Si ipotizza che una variante in sanatoria di un permesso di costruire sia stata rilasciata al di fuori delle condizioni di legge. È configurabile un abuso d´ufficio anche a titolo di concorso del beneficiario proprietario del terreno.


Il tema in esame impone delle doverose precisazioni preliminari, date le interazioni con la materia edilizia e le fonti normative di riferimento così complesse, se non addirittura farraginose. Posto che, in armonia con il paramentro costituzionale dell' art 117, gli enti locali nel recepimento e nell'attuazione delle normative nazionali, possono condizionare in diverso modo l'attività edilizia privata (soprattutto se si pensa a regioni a statuto speciale o alle provincie autonome di Trento e Bolzano), il quadro normativo di riferimento è il D.P.R. 380/2001, meglio conosciuto come t.u.e. 

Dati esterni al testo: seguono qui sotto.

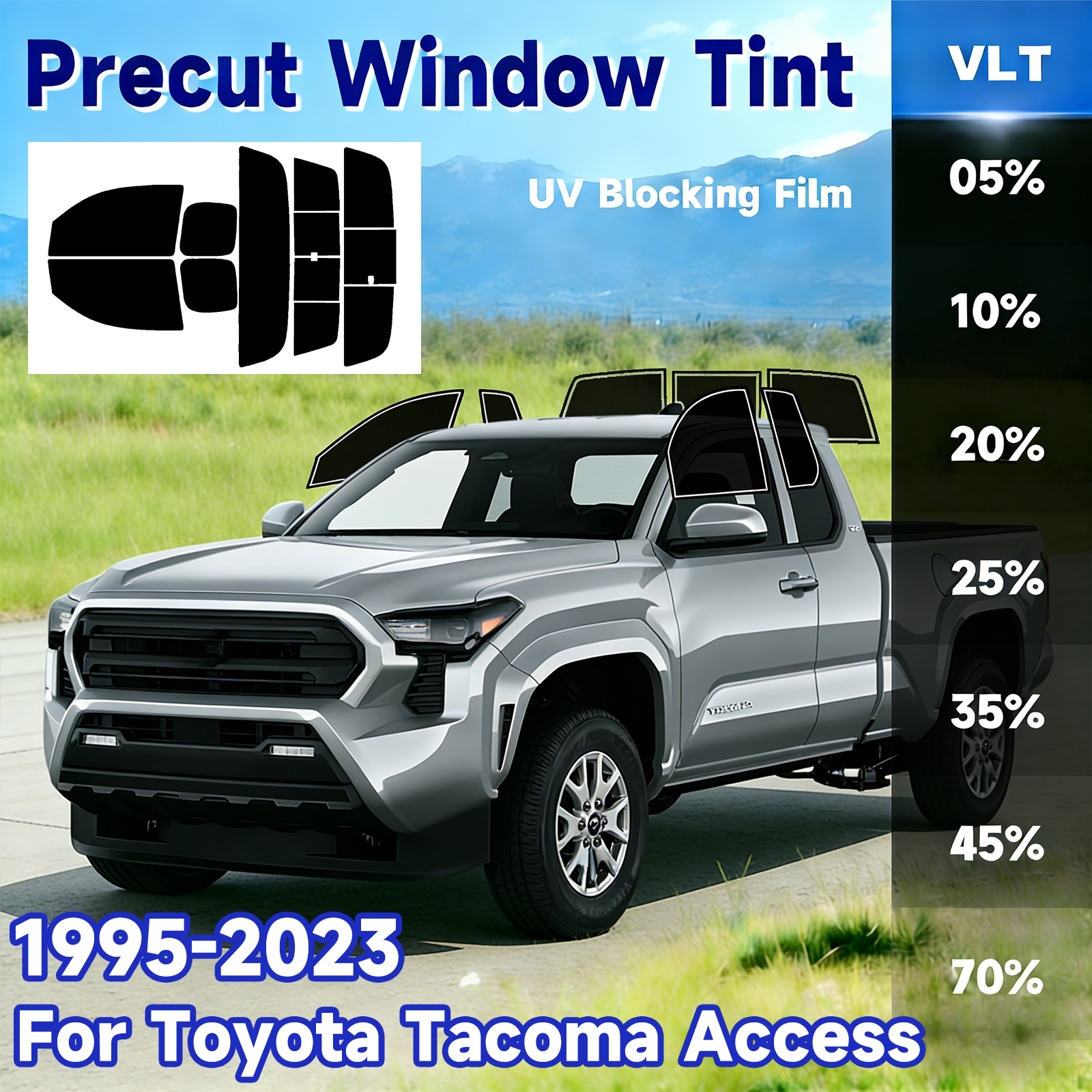 Precut Window Tint Car for Toy - Privacy Screen Protector 评论和价格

Secondo l'art.10 t.u.e., sono sottoposti a permesso di costruire gli interventi di trasformazione urbanistica ed edilizia che comportino rilevanti modifiche ed innovazioni tali da condurre ad un organismo edilizio ex novo o anche solo in parte diverso dal precedente. Può capitare che prima dell'inizio dei lavori o nel corso degli stessi si presenti la necessità o si ritenga opportuno modificare il progetto così come originariamente approvato.

Nel caso in cui si tratti di varianti che incidano sui parametri urbanistici e sulle volumetrie, che modifichino la destinazione d'uso e la categoria edilizia, che alterino la sagoma dell'edificio e violino le eventuali prescrizioni contenute nel permesso di costruire, il testo unico prevede che non sia sufficiente procedere mediante SCIA, ma che occorra il rilascio da parte del dirigente di un nuovo permesso a costruire.

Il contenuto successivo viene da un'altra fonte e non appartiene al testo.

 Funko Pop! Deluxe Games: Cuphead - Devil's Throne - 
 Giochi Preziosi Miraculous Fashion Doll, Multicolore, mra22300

Chiarita la natura del provvedimento in esame e quello che è il contributo delle parti (l'incaricato di pubblico servizio che concede il titolo abilitativo e il privato), sarà più agevole ricostruire delle ipotesi sulle varie condotte poste in essere e se queste,eventualmente, assumono gli estremi di una fattispecie penalmente rilevante.

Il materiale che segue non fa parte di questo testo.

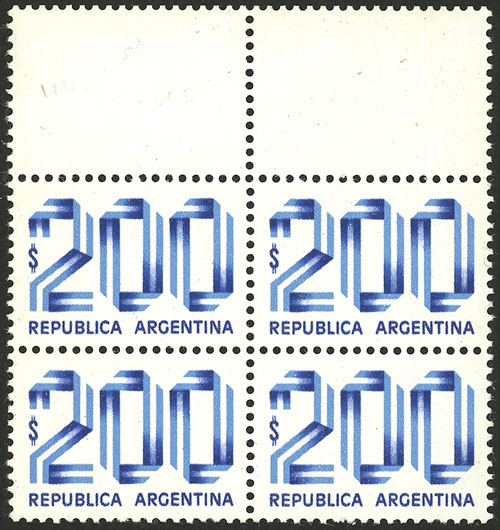 Lot 769 - Argentina general issues - Guillermo Jalil - Philatino Auction # 2618 ARGENTINA: General auction with very low starts, including many rarities! Lot 769 - Argentina general issues - Guillermo Jalil - Philatino Auction # 2618 ARGENTINA: General auction with very low starts, including many rarities!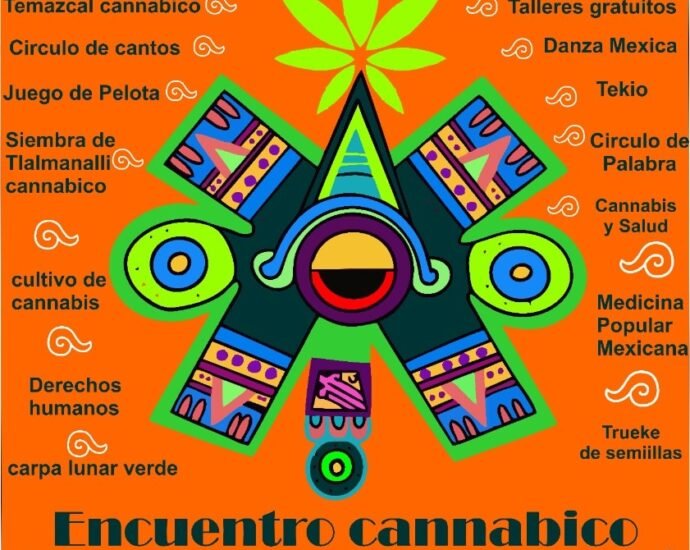 Temazcal Cannabico, Encuentro Cannábico Re existiendo 2022 cannatlan
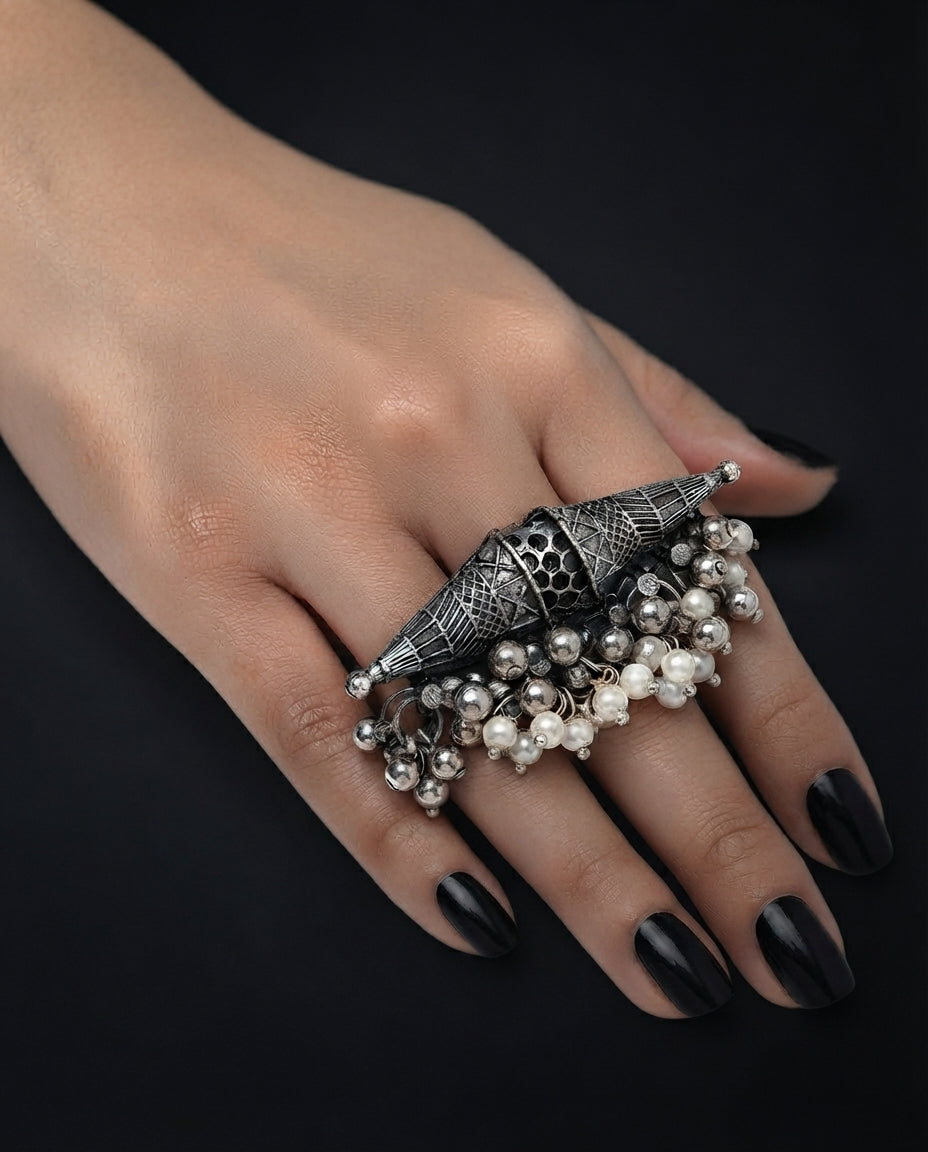 Moti Cascade Ring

Nel caso di specie si affronta l'ipotesi di un delitto in cui può incorrerre il pubblico ufficiale o l'incaricato di pubblico servizio: l'abuso di ufficio ex art. 323c.p.. Autorevole dottrina individua nel fatto tipico una fattispecie oggettivo-materiale e una soggettiva o meglio ancora, nel nostro caso, evento e condotta dell'agente. Gli elementi costitutivi del reato di abuso d'ufficio sono: la realizzazione di un evento tipico e cioè che abbia procurato a sè o ad altri un ingiusto vantaggio patrimoniale, che l'evento siffatto sia stato posto in essere violando leggi o regolamenti che disciplinano la funzione e infine, aspetto probabilmente più complesso, che l'evento sia stato cagionato dall'agente intenzionalmente. La locuzione con la quale esordisce la norma, “salvo che il fatto non costituisca più grave reato”, pone in essere esplicitamente una c.d. “clausola di sussidiarietà”, la quale preclude il concorso formale tra l'abuso d'ufficio ed altri reati il cui fatto tipico includa quello dell'abuso, purchè siano puniti più gravemente (pena della reclusione da uno a quattro anni) .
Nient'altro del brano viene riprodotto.